-- Work required --
From the first line to the last, restate the data exactly, leaving out the images.

-- Supplied information --
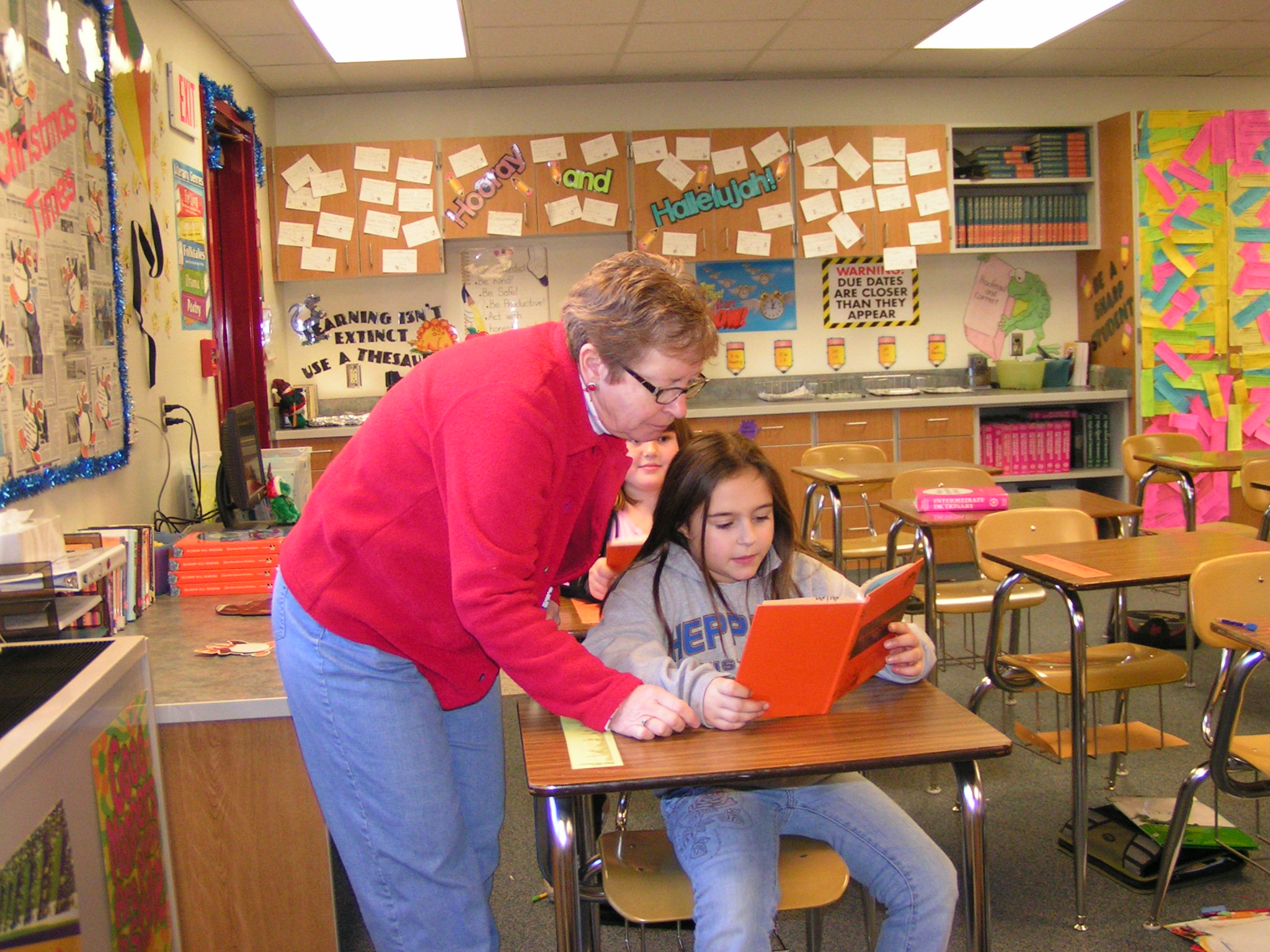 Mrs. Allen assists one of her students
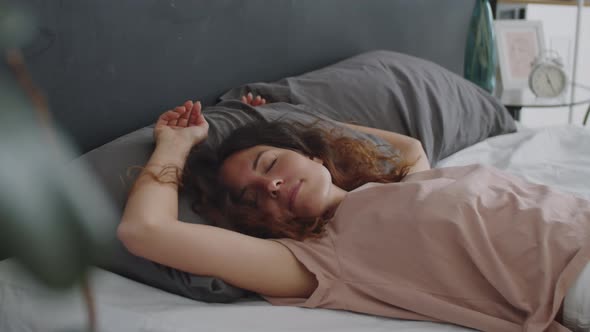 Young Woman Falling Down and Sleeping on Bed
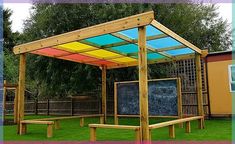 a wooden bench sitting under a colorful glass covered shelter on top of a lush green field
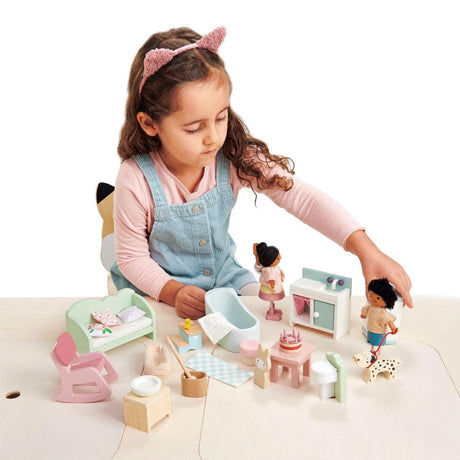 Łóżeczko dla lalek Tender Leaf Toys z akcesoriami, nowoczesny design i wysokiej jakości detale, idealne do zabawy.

-- Written answer --
 Mrs. Allen assists one of her students
 Young Woman Falling Down and Sleeping on Bed
 a wooden bench sitting under a colorful glass covered shelter on top of a lush green field
 Łóżeczko dla lalek Tender Leaf Toys z akcesoriami, nowoczesny design i wysokiej jakości detale, idealne do zabawy.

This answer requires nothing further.